- TASK DESCRIPTION
Return the listing exactly as it appears, but strip out the images.

- DATA SHOWN
-- -- --
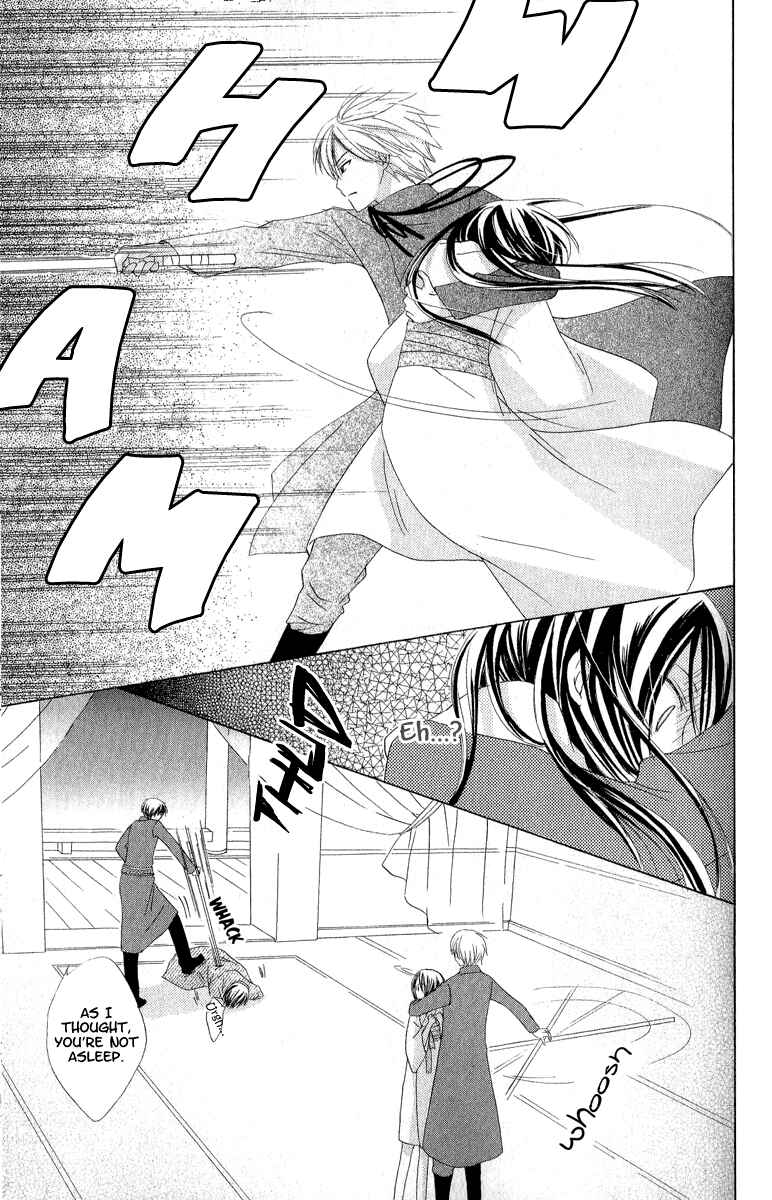 Page 37 Chapter 2 Star-Reading Prophet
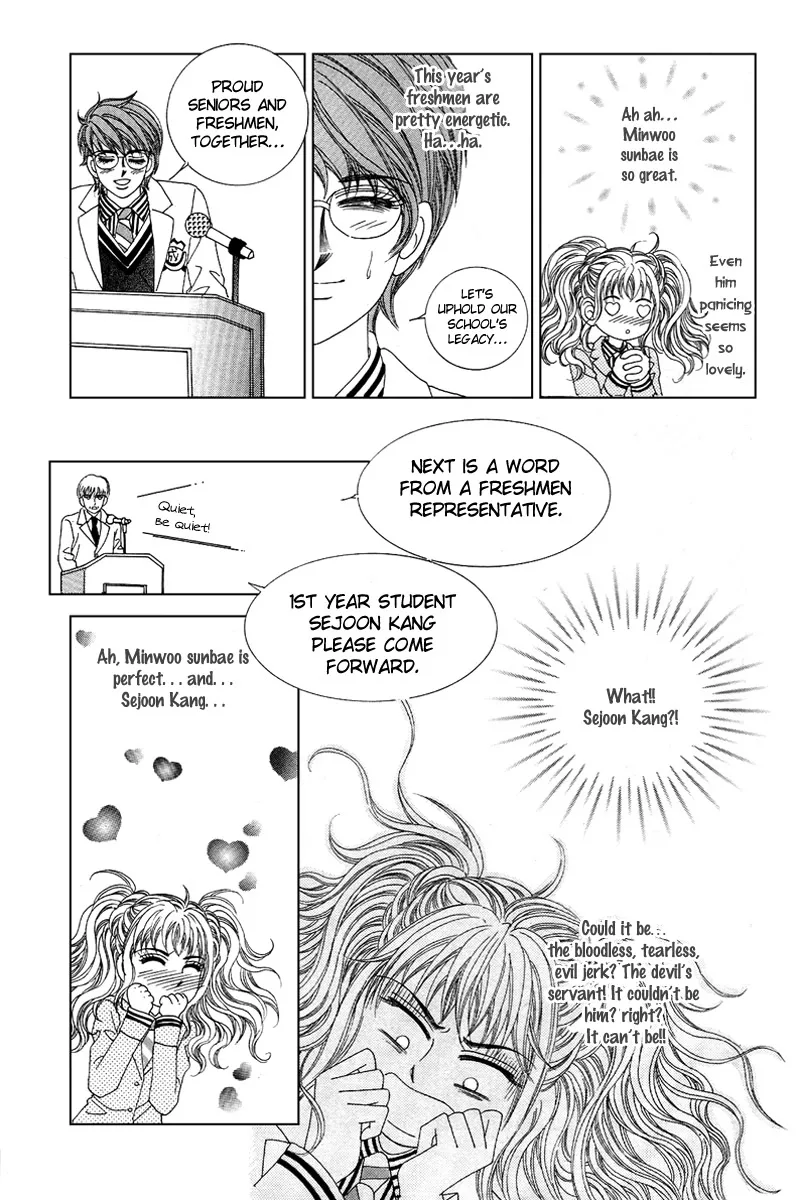 Sandwich Girl Chapter 1 page 21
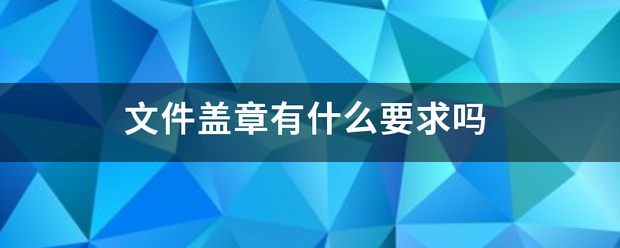 文件盖章有什么要求吗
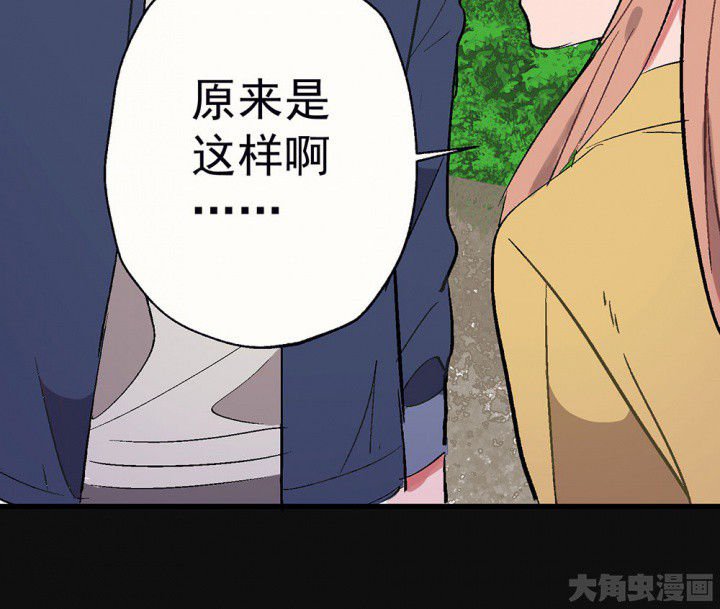 第84章：突如其来2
-- -- --
- RESPONSE AREA
 Page 37 Chapter 2 Star-Reading Prophet
 Sandwich Girl Chapter 1 page 21
 文件盖章有什么要求吗
 第84章：突如其来2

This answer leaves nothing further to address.